桑嶋は局長に連絡を入れると、今回の潜入捜査中におきた統久のヒートの事と、簡単に事情を話して休暇を貰った。
局長には、オレが副局長としたことがバレてしまったような気がする。
かなり不機嫌そうだったのがその証拠だろう。
自分の兄だし、そんなことを聞かされたらあまり気分はよくないよな。
ぐったりとした様子でベッドに横になっていた統久は、桑嶋が身体を拭っているのを、眺めて不思議がるように首を傾げる。

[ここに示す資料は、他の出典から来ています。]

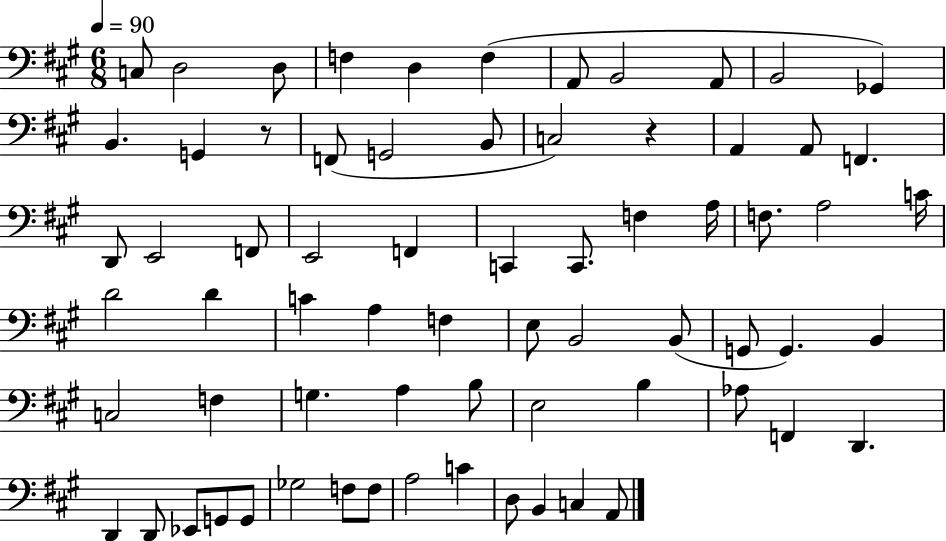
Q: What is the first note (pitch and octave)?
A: C3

「……なあ、オマエは警察に通報しないのか。俺は、オマエをレイプした。前科はあるし、手間なくすぐ逮捕になるはずだぞ」
確かに、あの時無理矢理馬乗りになってきたのは、統久ではあった。
「……レイプって。人聞き悪いからやめてください。あんなのはアンタが悪いわけじゃないです」
桑嶋は冷蔵庫から、水を取り出してコップに注いで統久に手渡す。
「どうかなあ。俺、子供ほしいし」
ありがとうとコップを受け取って水を飲む統久を見返す。
そういえば、避妊とかしなかったのに今更ながらに気がついた。
発情期のオメガは妊娠しやすいと聞いている。
不思議とそれなら責任をとる気持ちもある。
それでもいいかなと思っている自分を意外に思い桑嶋は肩をそびやかせる。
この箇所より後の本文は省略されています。